You can view alerts in multiple ways. For example, you can view all recent alerts to obtain a broad picture of computer health. Or you might want to investigate specific issues that are occurring on members of specific computer groups or for specific workspaces, such as Malware Protection in Windows Intune. By using filters, you can view all alerts of a specific severity level, and you can display alerts that are active, or alerts that are closed.

Software

Software workspace lists programs that are installed on all client computers that you are managing by using Windows Intune™ and lets you sort the inventory by software publisher, name, installation count, or category. Each software title has its own entry in the list. You can also search for specific software.

Licenses

Licenses workspace of Windows Intune™ lets you upload Microsoft Software License Terms information to Microsoft Volume License Services (MVLS), and lets you determine the license entitlement that corresponds to a set of Microsoft Volume License agreements.

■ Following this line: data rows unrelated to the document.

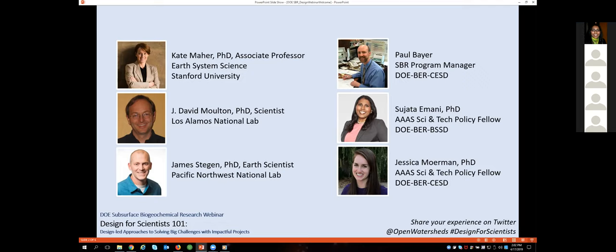My name is Sujata Imani. I'm a AAAS Science and Technology Policy Fellow staffing at BER this year, specifically in the Biological Systems Science Division. And Jessica Moorman, who's also been instrumental in working with SBR and transforming this creative energy that we're infusing into SBR this year, who's also a AAAS Fellow in the Climate and Environmental Science Division.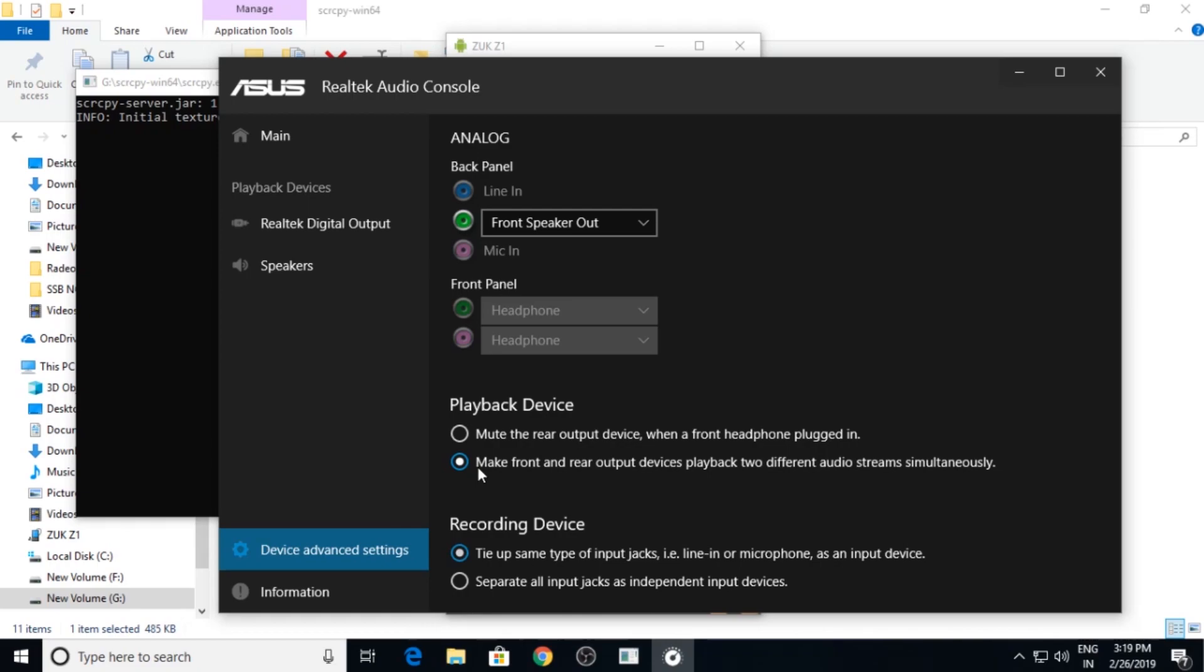Because one jack will be connected to your mic in and another jack will be occupied by your headphone. So to enable two audio streams you need to use this option, or else only one of them will start to work.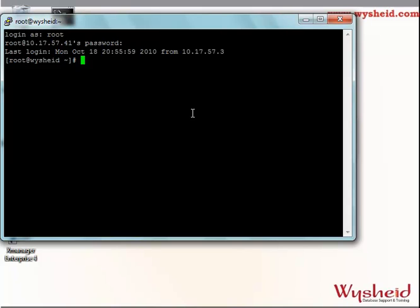A common convention is that DBA will be the group of the Oracle software, and the user Oracle is the owner of the software. The first thing we are going to do is create the group called DBA, and then create a user Oracle under the group DBA. The command to create a group is: groupadd hyphen G 800 DBA. groupadd is the command, and hyphen G is the unique number for the group. If you are not specifying it, the Linux operating system will assign a unique number. Since we would like more control over user and group creation, we will assign the group number ourselves.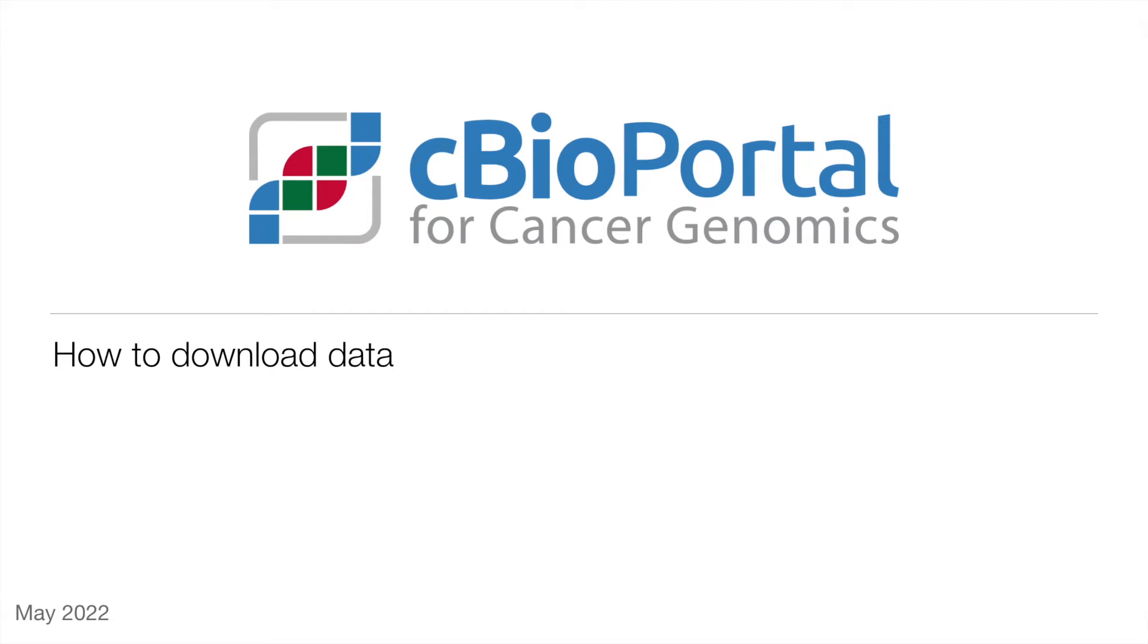Welcome to this how-to video from cBioPortal. In this video, I'm going to show you a number of different ways to download data from cBioPortal.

You can enter license agreements in Windows Intune by providing one or more pairs of numbers for each agreement: the authorization or agreement number, and the license or enrolment number. These numbers are supplied by MVLS when licenses are purchased, upgraded, or renewed.

Policy

Policy workspace configures policies that manage settings for Updates, Malware Protection, Windows Firewall, and Windows Intune Center on computers. You can create policies based on templates, configure policy settings, and then deploy policies to groups of computers. Additionally, you can search for policies by name or description.

Report

View reports on Updates, Software and Licenses Purchased

Administration

 Administration workspace lets you download the most current version of the client software, view details about your Windows Intune™ account (such as account name, status, and active seat count), and add administrators to your account. You can also use tools in the Administration workspace to configure the kinds of updates that you want to deploy to client computers in your organization, and send email notifications to other people in your organization when specific alerts are generated.